Pariwisata dan Kebudayaan (1)

Spread the love

Dua variabel yang saya pakai sebagai judul tulisan ini sungguh sangatlah luas dan tak jelas batasannya.

“Pariwisata” dan “Kebudayaan” bersinggungan atau bertindih tepat dengan begitu banyak hal lain, baik turunan dari keduanya, maupun akar-akar yang mengerucut pada keduanya.

Pada tulisan pertama ini, saya sengaja tidak menyebutkan sub-judul apa yang kiranya menjadi fokus yang akan saya teliti atau bahas.

Hal ini saya maksudkan agar mula-mula, baiklah (sekali lagi) saya memberi sebuah gambaran umum mengenai “Pariwisata” dan “Kebudayaan”. Sebuah pemahaman dasar tentang kedua entitas ini, saya kira perlu terlebih dahulu dibentangkan.

Harapan kita, tulisan ini–yang tentu saja tidak merangkum semua versi–akan berkembang, selanjutnya. Saya juga sudah memikirkan tentang bagaimana kedua variabel ini mesti dirincikan sesuai konteks, tempat atau locus tertentu, juga kebutuhan yang lebih mendesak lainnya.

Kali ini saya mulai secara teoretis, semacam sebuah studi literer. Sehingga, bolehlah saya menantang diri saya sendiri dengan membuat proyek ini–meski hanya melalui tulisan–berkelanjutan, dan pada giliranya menemukan sasarannya yang lebih nyata.

Pariwisata

Dalam temuannya, H. Oka A. Yoeti menyebutkan bahwa kata “Pariwisata” sesungguhnya baru populer di Indonesia setelah Musyawarah Kedua Nasional Tourisme digelar di Tretes, Jawa Timur, pada 12-14 Juni 1958.

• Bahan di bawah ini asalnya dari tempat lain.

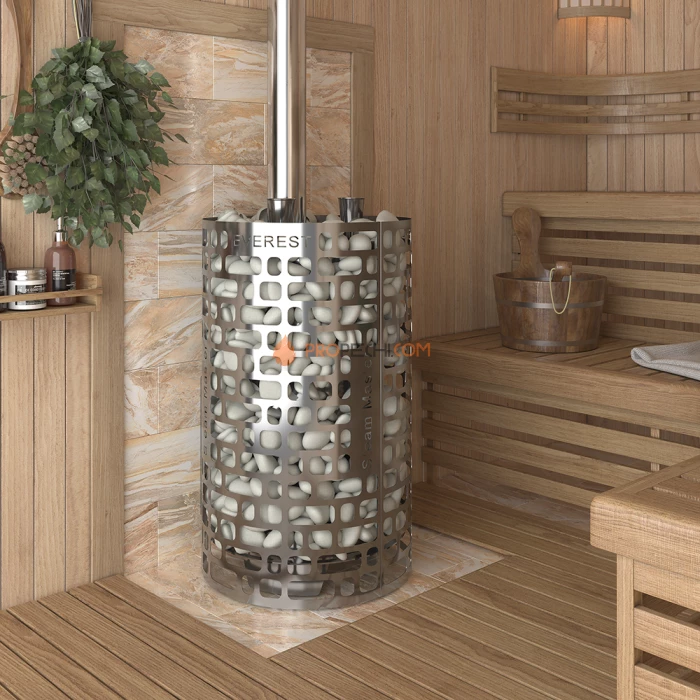 Дровяная печь для бани Эверест Steam Master 38 INOX (320M)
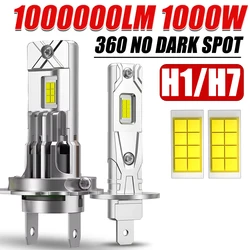 Ultra - Bright LED Car Headlight Bulbs - 1000000 Lumens, Mini Wireless Auto Lamp, +800% Brightness, 12V/24V - H7 (6000K Cold White)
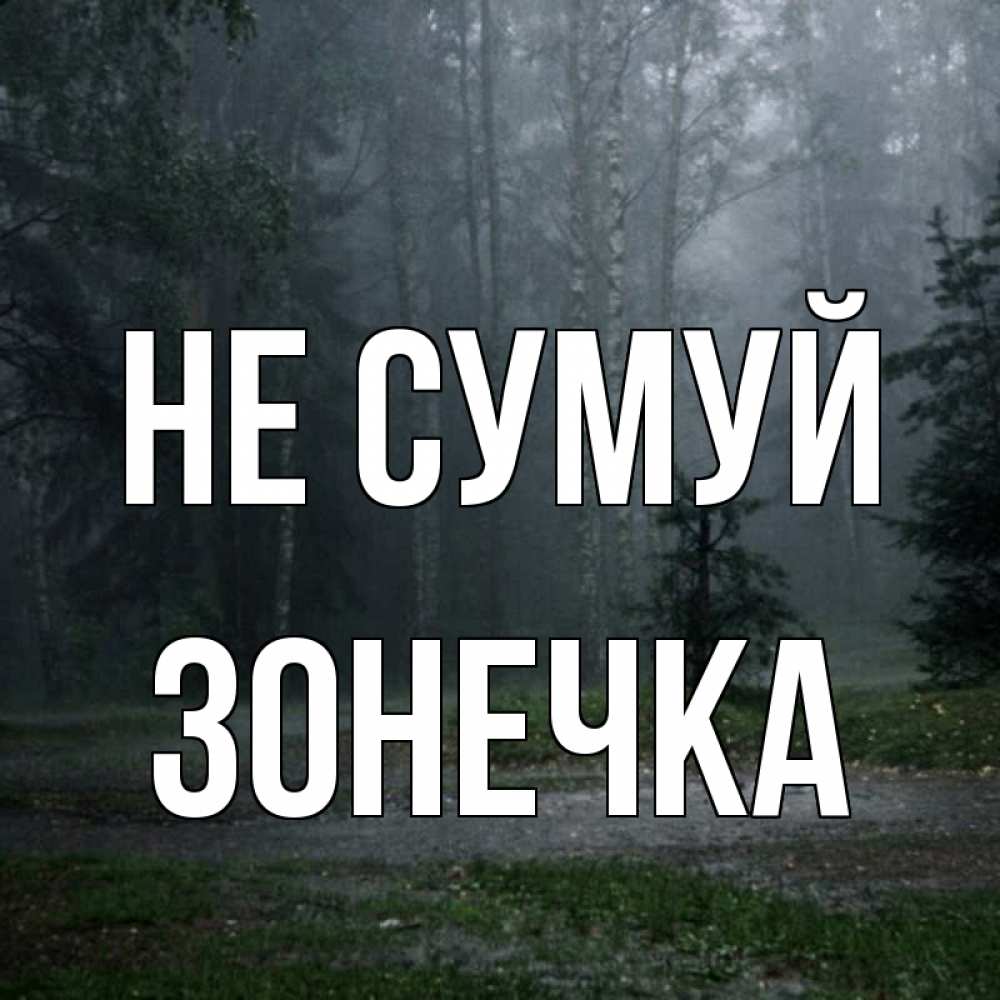 Открытка на каждый день з підписом, Зонечка Не сумуй осень Прикольна листівка з побажанням онлайн скачати безкоштовно 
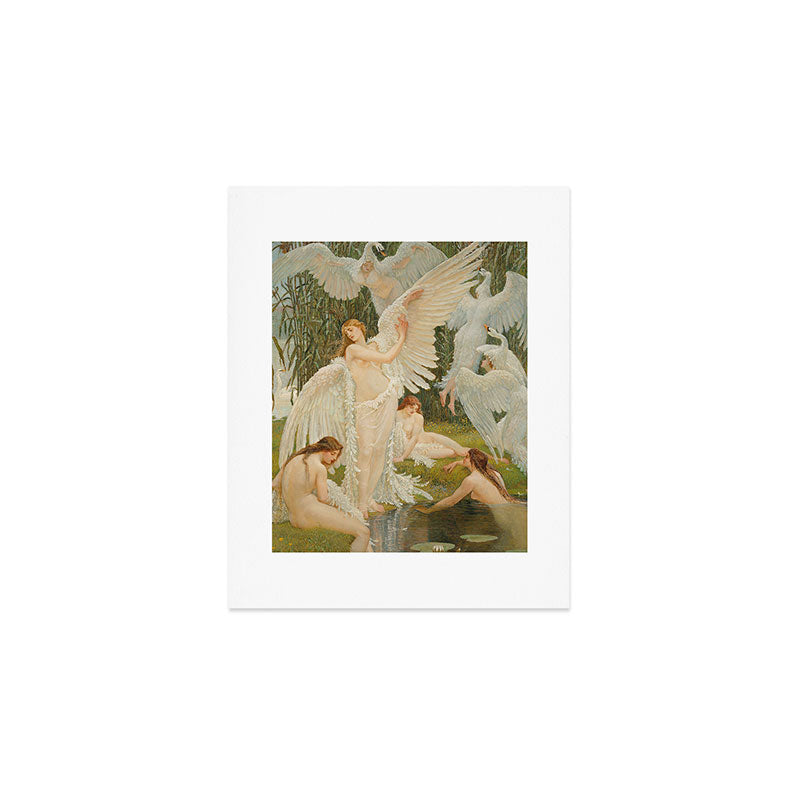 The Swan Maidens by Walter Crane Art Print Gallery Image 1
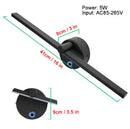 Axyaa Nordic LED Wall Lamp, 300° Rotation, 41CM Linear Vanity Light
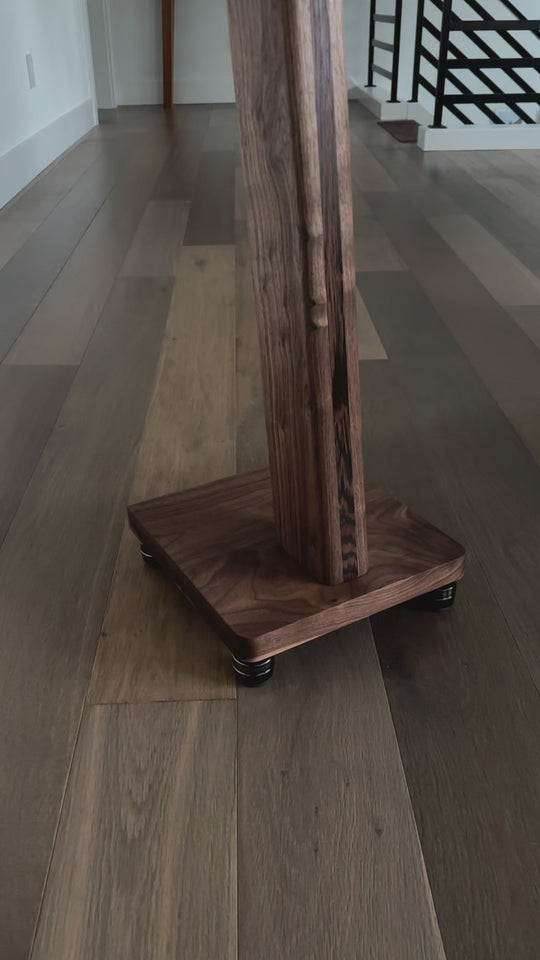 STRATUS Hardwood Walnut Speaker Stands (2)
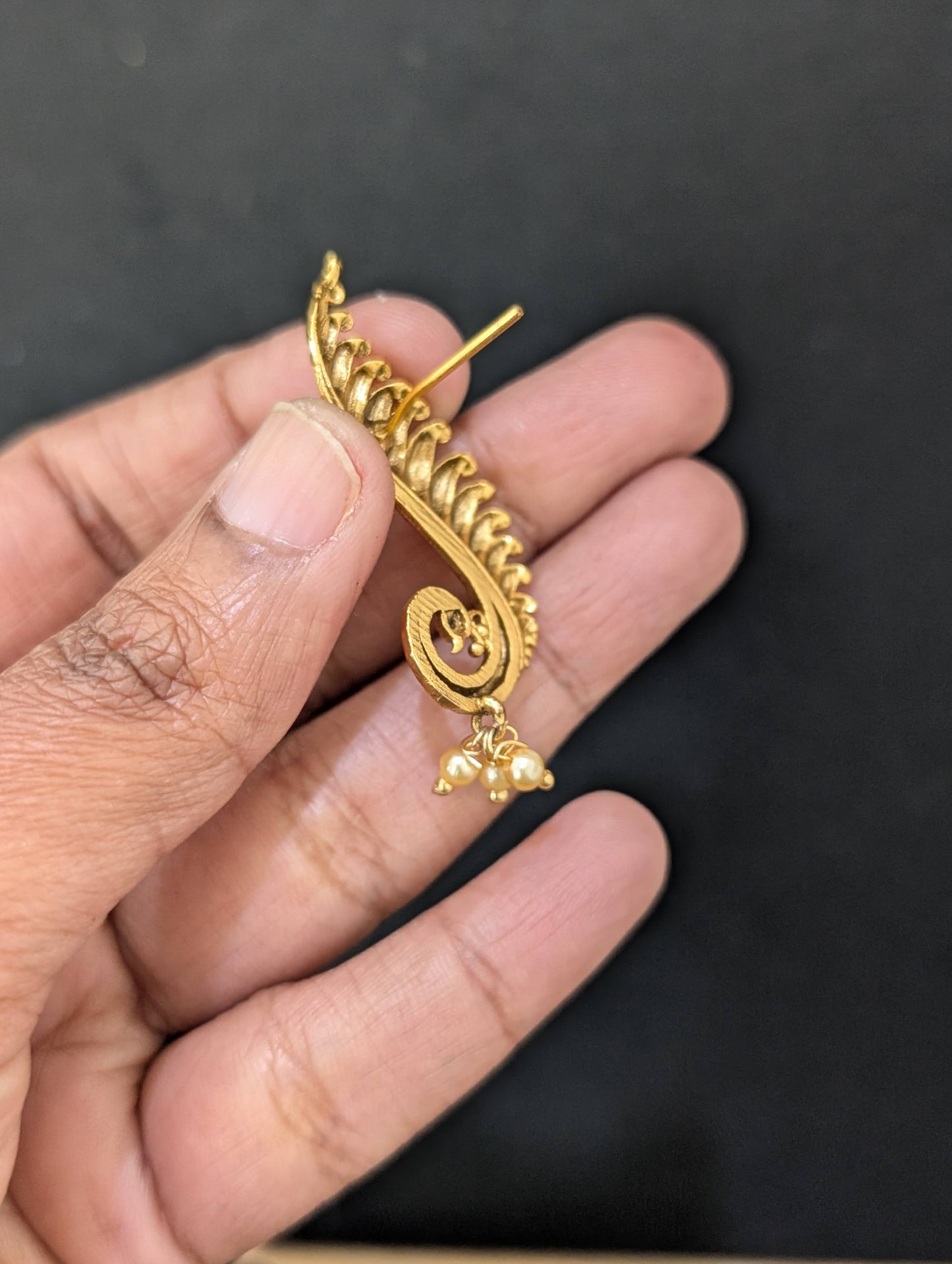 Peacock design stud earrings
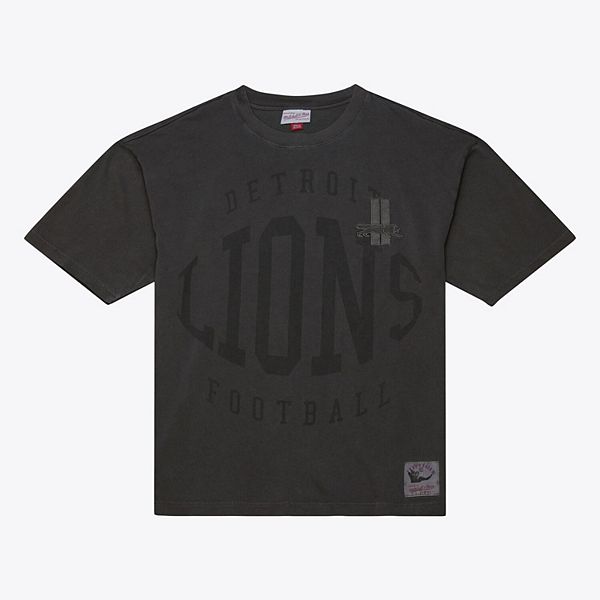 

Мужская черная футболка Detroit Lions Downtown Collection Premium Vintage Logo Mitchell & Ness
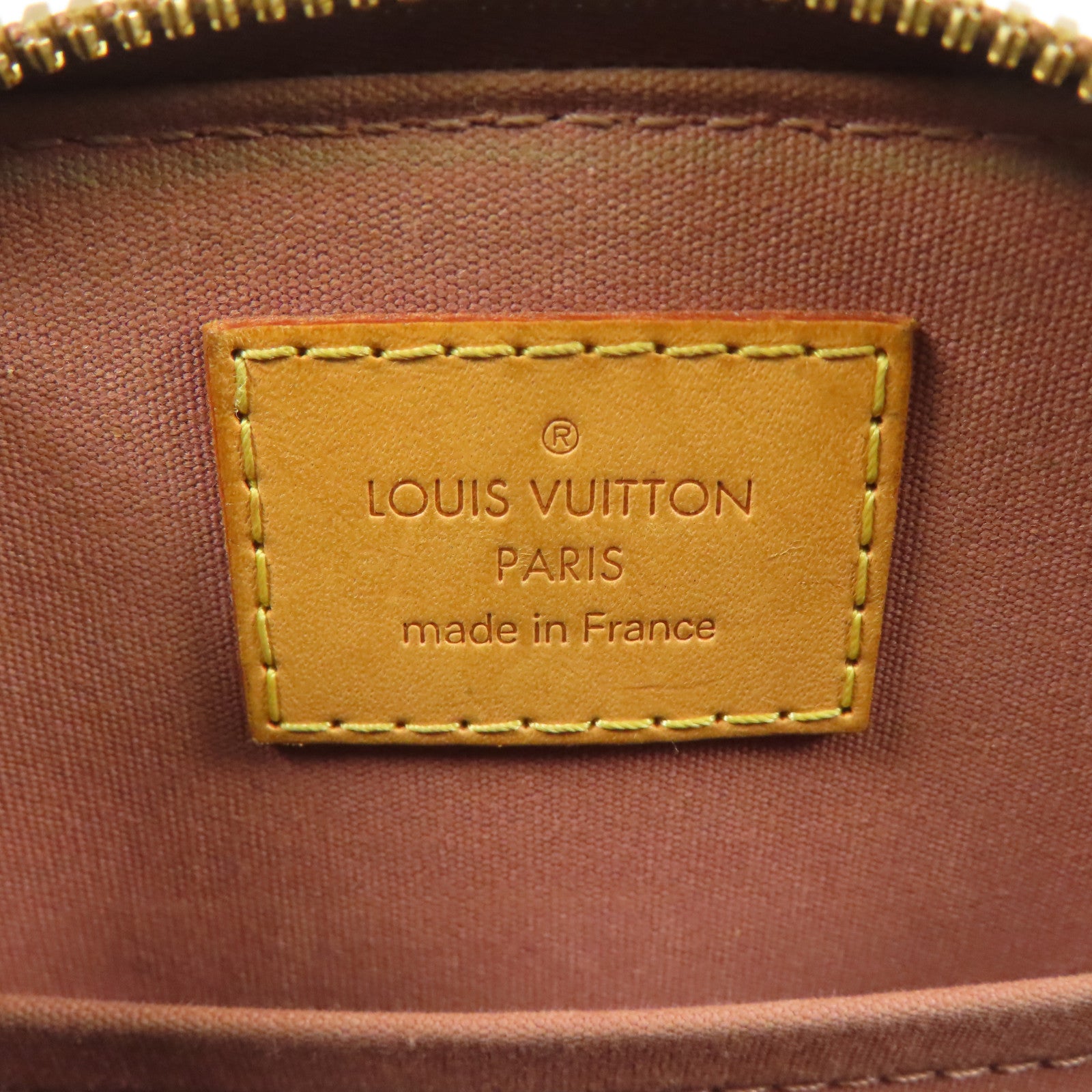 LOUIS VUITTON Monogram Vernis Alma BB金扣手挽肩背兩用袋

Sebelumnya, digunakan istilah “Tourisme” yang berasal dari Bahasa Belanda untuk menyebutkan segala hal-ihwal yang hingga detik ini kita mengerti sebagai “Pariwisata” itu.

Dalam amanatnya waktu itu di Gedung Pemuda, Surabaya, Presiden Soekarno bertanya kepada Menteri P dan K, Prof. Prijono, mengenai kata Bahasa Indonesia apa yang tepat menggantikan “Tourisme”.

Prof. Prijono kemudian menjawab, ada dua. Pertama, “Dharmawisata” untuk perjalanan antarkota (dalam negeri). Kedua, “Pariwisata” untuk perjalanan antarbenua (luar negeri).

Waktu itu, “Tourisme” resmi diganti menjadi “Pariwisata” oleh Bung Karno sendiri. Atas dasar ini, pada tahun 1960, Dewan Tourisme Indonesia diubah menjadi Dewan Pariwisata Indonesia (DEPARI).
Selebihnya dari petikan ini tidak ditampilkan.